[Opening Recorded information section]
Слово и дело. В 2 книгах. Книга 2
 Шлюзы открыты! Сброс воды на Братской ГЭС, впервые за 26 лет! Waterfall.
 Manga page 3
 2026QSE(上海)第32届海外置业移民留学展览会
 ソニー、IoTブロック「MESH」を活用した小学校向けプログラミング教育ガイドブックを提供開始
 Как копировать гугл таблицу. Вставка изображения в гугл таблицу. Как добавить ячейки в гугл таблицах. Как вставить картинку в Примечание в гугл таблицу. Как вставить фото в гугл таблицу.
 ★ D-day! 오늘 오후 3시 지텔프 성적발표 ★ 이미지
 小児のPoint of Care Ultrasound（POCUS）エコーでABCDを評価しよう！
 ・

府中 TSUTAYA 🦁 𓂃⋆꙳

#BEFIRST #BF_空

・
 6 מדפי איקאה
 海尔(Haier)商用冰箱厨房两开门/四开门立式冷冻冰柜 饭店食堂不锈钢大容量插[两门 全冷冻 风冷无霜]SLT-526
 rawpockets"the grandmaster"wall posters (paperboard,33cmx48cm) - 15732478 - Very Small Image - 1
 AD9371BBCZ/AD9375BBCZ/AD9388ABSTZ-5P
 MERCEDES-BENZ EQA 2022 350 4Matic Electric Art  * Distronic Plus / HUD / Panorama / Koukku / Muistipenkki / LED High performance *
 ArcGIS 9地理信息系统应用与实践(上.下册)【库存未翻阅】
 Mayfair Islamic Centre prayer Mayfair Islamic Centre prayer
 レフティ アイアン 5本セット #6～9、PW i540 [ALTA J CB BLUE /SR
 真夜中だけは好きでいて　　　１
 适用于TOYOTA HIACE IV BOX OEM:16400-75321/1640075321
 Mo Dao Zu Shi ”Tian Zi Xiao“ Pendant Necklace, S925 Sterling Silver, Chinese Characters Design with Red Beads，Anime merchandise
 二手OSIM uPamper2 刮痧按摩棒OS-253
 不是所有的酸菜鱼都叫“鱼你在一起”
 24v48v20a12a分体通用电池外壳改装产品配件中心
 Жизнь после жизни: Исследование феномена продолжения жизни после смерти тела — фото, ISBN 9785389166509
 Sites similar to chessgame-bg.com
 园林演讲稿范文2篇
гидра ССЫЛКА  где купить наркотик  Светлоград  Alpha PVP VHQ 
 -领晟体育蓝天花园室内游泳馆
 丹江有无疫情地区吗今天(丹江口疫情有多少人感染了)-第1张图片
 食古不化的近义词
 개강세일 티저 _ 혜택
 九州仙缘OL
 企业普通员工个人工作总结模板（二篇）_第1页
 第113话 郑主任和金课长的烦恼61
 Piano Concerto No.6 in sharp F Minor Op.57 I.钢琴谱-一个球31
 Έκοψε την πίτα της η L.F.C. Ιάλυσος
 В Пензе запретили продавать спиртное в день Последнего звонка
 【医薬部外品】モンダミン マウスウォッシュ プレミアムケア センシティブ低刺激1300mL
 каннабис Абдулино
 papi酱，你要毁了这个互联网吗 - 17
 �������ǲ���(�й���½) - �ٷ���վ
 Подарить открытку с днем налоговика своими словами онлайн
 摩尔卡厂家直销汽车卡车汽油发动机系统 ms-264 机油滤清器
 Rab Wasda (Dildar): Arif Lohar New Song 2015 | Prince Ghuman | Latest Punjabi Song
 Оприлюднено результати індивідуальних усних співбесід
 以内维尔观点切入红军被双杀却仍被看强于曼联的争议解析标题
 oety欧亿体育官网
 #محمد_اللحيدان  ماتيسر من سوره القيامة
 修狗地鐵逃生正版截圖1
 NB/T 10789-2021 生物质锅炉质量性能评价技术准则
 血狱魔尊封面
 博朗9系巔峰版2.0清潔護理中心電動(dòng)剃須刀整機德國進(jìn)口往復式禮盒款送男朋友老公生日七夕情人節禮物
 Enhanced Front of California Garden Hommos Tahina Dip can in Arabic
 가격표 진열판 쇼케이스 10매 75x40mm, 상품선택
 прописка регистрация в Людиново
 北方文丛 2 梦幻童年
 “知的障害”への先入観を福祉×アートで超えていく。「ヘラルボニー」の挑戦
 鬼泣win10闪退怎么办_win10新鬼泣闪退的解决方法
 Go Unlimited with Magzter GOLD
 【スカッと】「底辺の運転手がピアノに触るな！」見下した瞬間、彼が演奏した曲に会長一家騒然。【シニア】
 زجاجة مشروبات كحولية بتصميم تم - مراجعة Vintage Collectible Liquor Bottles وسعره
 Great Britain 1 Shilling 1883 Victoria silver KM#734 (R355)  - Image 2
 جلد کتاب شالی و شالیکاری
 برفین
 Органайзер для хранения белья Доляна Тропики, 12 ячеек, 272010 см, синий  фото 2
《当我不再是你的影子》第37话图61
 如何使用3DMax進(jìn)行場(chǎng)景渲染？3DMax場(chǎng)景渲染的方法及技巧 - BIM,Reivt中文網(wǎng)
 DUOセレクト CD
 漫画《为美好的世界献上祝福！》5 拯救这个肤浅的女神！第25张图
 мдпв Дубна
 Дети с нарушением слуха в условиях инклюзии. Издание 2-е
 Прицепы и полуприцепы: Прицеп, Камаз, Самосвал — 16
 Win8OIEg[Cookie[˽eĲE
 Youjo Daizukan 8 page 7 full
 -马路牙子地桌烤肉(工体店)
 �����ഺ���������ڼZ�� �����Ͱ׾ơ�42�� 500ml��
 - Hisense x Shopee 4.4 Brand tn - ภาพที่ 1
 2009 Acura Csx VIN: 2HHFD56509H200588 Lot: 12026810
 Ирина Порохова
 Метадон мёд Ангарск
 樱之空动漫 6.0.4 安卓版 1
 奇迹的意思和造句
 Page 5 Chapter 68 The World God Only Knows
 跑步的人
[Closing Recorded information section]
Would you please show every line of the material above that includes the string "with"?

 Mo Dao Zu Shi ”Tian Zi Xiao“ Pendant Necklace, S925 Sterling Silver, Chinese Characters Design with Red Beads，Anime merchandise
 Go Unlimited with Magzter GOLD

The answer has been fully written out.